La Convention de 1951 relative au statut des réfugiés et son Protocole de 1967 constituent le fondement du régime international des réfugiés, c’est-à-dire les normes juridiques et les institutions compétentes en matière de protection des réfugiés. La majeure partie des nations du monde entier ont signé ou ratifié cette Convention et son Protocole, et pourtant, un grand nombre des pays qui accueillent le plus de réfugiés au monde ne l’ont pas fait : 149 États-membres de l’ONU sont actuellement parties à la Convention, à son Protocole de 1967 ou aux deux, tandis que 44 ne le sont pas.

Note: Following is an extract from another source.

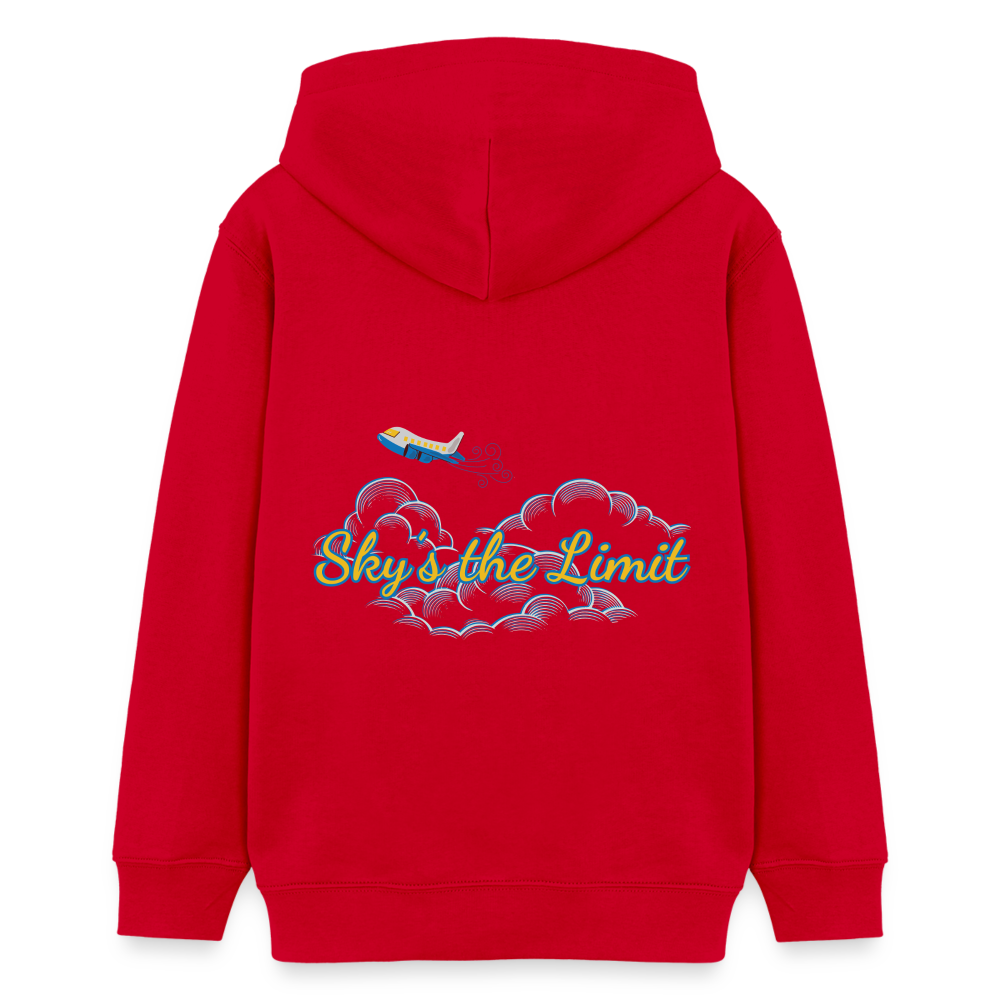 Teenager Bio-Hoodie - SKY`S THE LIMIT - Rot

Ces États non signataires se trouvent principalement au Moyen-Orient et en Asie du Sud et du Sud-Est. Dans la région du Moyen-Orient, seul l’Iran, Israël, l’Égypte et le Yémen sont parties à la Convention, tandis que des États tels que l’Irak, le Liban et la Jordanie, de même que la plupart des États du Golfe n’en sont pas signataires. En Asie du Sud et du Sud-Est, on retrouve l’Inde, le Bangladesh, le Pakistan, le Sri Lanka, la Malaisie et l’Indonésie parmi les grands pays non signataires. Dans les autres régions du monde, les États non signataires incluent l’Érythrée, la Libye, la Mongolie et Cuba. Enfin, l’Ouzbékistan est le seul pays du Commonwealth des États indépendants à ne pas être partie à la convention, tandis que le Guyana est le seul État non signataire d’Amérique du Sud.

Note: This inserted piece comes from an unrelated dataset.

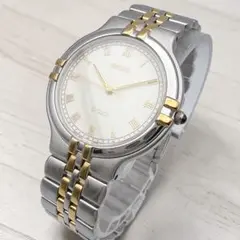 【希少】SEIKO セイコー ドルチェ コンビカラー ビンテージ 腕時計 メンズ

Aujourd’hui, les nouvelles adhésions à la Convention se font rares. En effet, au cours des dix premières années de la Convention, 27 États l’ont ratifié ou y ont adhéré ; en revanche, depuis 2006, seuls deux États sont devenus parties à la Convention, à savoir Nauru en 2011 et le Soudan du Sud en 2018. Il existe de nombreuses raisons pour lesquelles les États non parties décident de ne pas adhérer à la Convention et ces États sont considérés depuis longtemps comme des « exceptions » au régime international des réfugiés.[1]

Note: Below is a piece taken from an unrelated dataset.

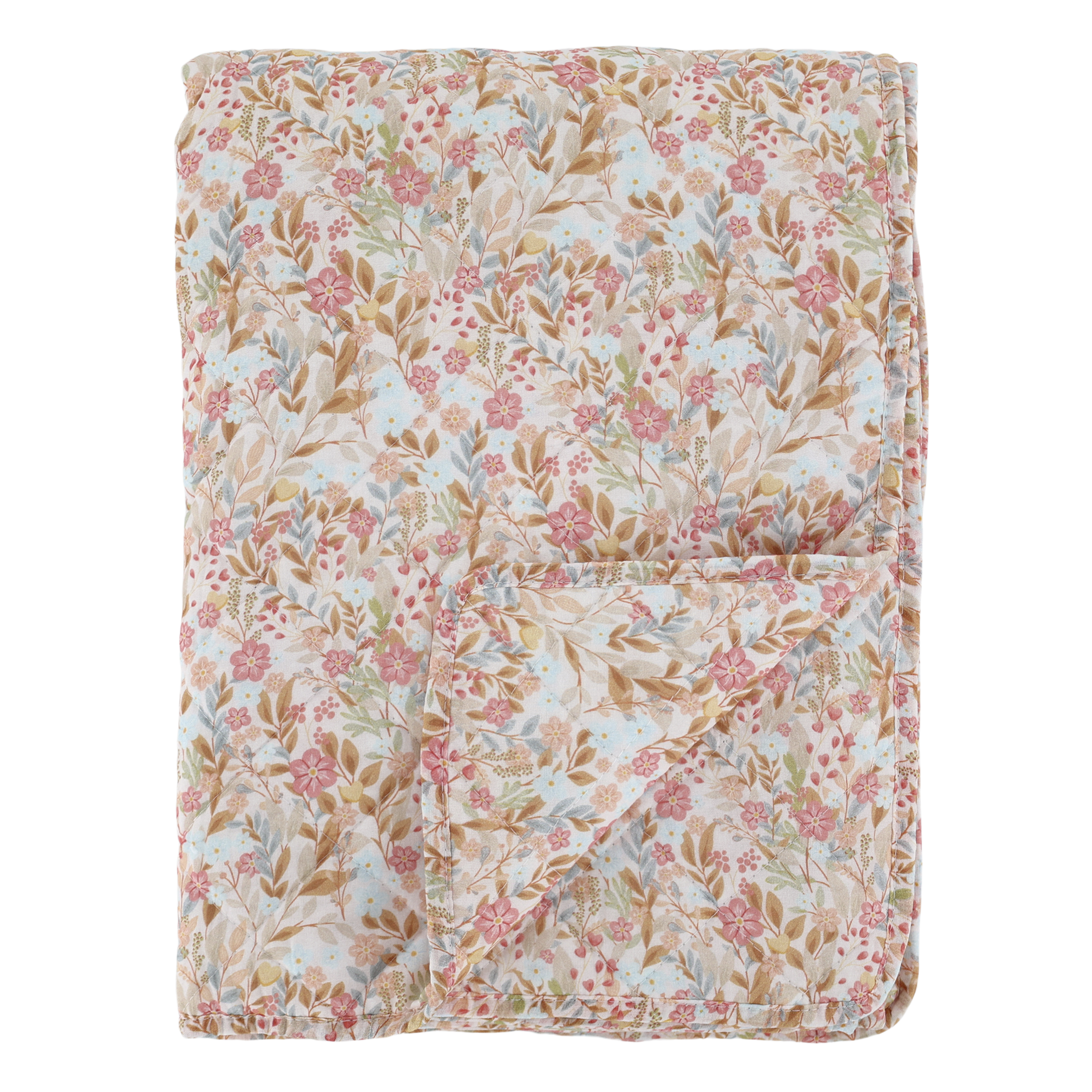 Chic Antique, Quilt, 180 x 130 cm., Blomster, Rosa/lysebl�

Historiquement, cet « exceptionnalisme » – même si ce concept a été récemment (et à juste titre) remis en question, notamment par Barbour dans ce dossier spécial de RMF – puise notamment ses racines dans le processus de rédaction de la Convention entre 1946 et 1951. Bien que de nombreux États non signataires d’aujourd’hui ne fussent pas encore indépendants à cette époque, certains États tels que le Liban, l’Arabie Saoudite, la Syrie, l’Irak, le Pakistan et l’Inde ont participé à différentes phases de la rédaction. En effet, durant ce processus, de nombreux États du Sud étaient opposés à l’absence proposée d’applicabilité universelle de la Convention et les recherches à ce sujet mettent depuis longtemps en lumière les multiples aspects du processus, reflétés aujourd’hui dans la Convention, qui étaient incapables de représenter la réalité au-delà du contexte européen.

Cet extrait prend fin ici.